Line by line, repeat the material below exactly and skip the images.

— COLLECTED MATERIAL —
**********

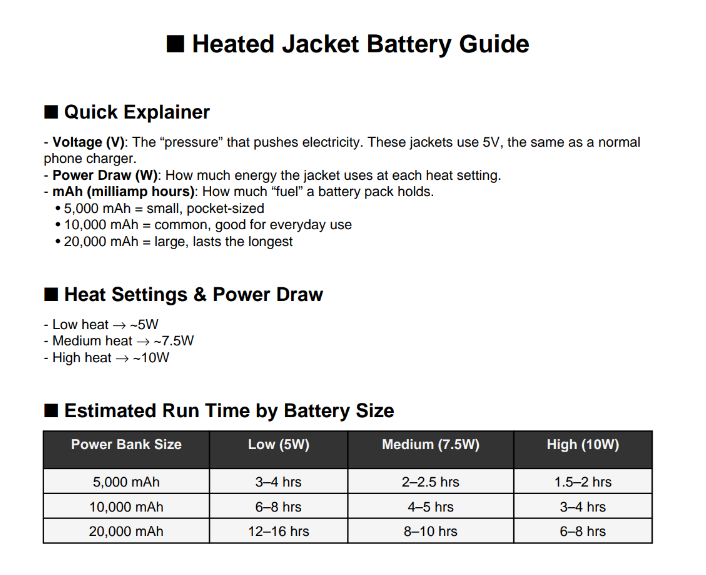 Sportiq HeatCore Heated Weatherproof Jacket (2XL)
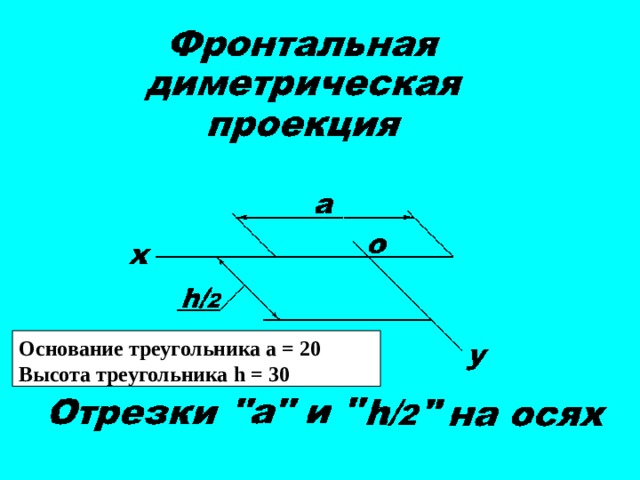 Основание треугольника а = 20 Высота треугольника h = 30 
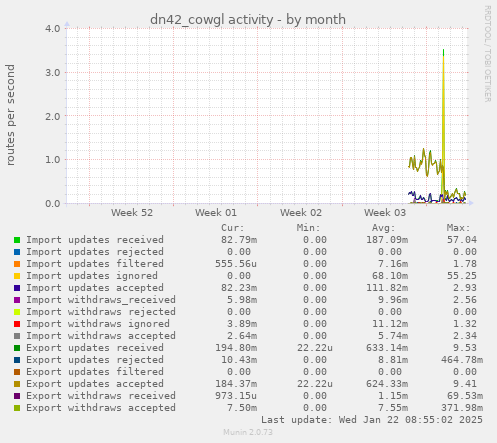 dn42_cowgl activity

**********

— EXERCISE RESULT —
 Sportiq HeatCore Heated Weatherproof Jacket (2XL)
 Основание треугольника а = 20 Высота треугольника h = 30 
 dn42_cowgl activity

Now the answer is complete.